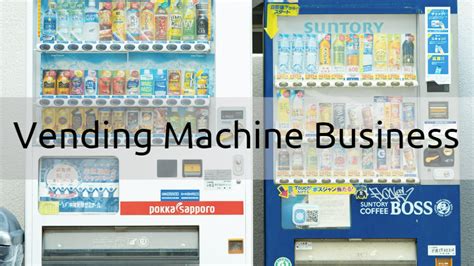 How To Start A Vending Machine Business Cost Tips Pros And Cons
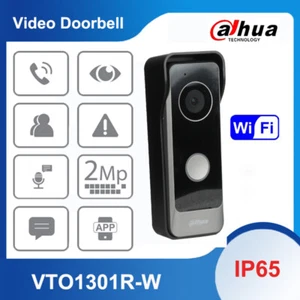 Dahua VTO1301R-W 2MP Puerta Estación Timbre IP Video Intercomunicador WiFi Audio Bidireccional - Imagen 1 de 7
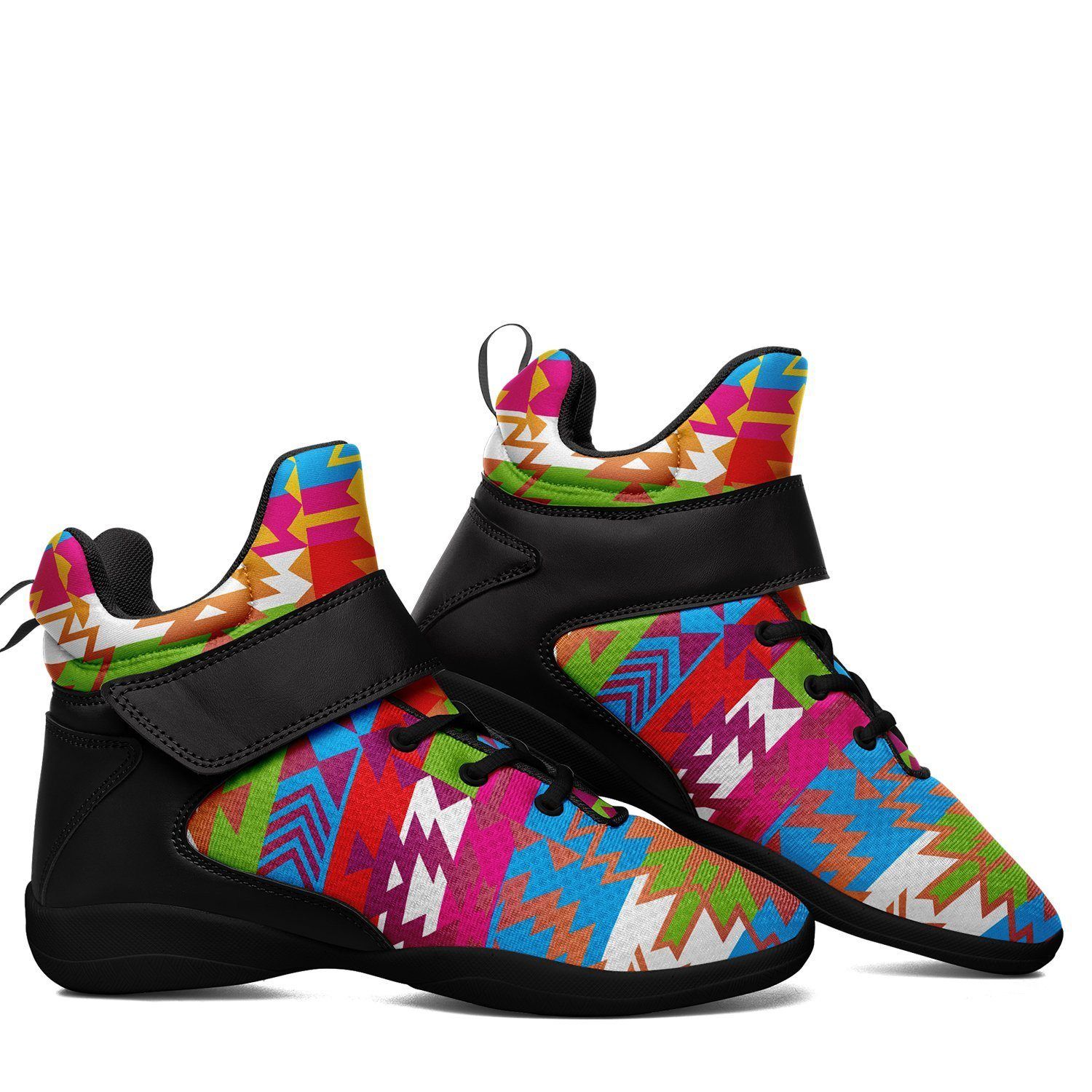 Grand Entry Kid's Ipottaa Basketball / Sport High Top Shoes 49 Dzine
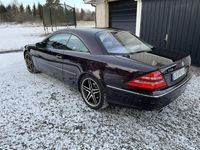 begagnad Mercedes CL500 5G-Tronic Euro 4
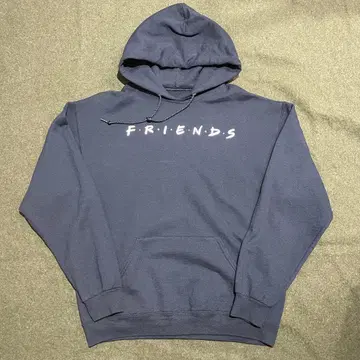 FRIENDS 후드 부착 후드티 L 공식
• • • •
**INSTRUCTIONS TO FOLLOW**
Output the data exactly. Pictures don't belong in the result.

**EXERCISE SOLUTION**
 How To Start A Vending Machine Business Cost Tips Pros And Cons
 Dahua VTO1301R-W 2MP Puerta Estación Timbre IP Video Intercomunicador WiFi Audio Bidireccional - Imagen 1 de 7
 Grand Entry Kid's Ipottaa Basketball / Sport High Top Shoes 49 Dzine
 begagnad Mercedes CL500 5G-Tronic Euro 4
 FRIENDS 후드 부착 후드티 L 공식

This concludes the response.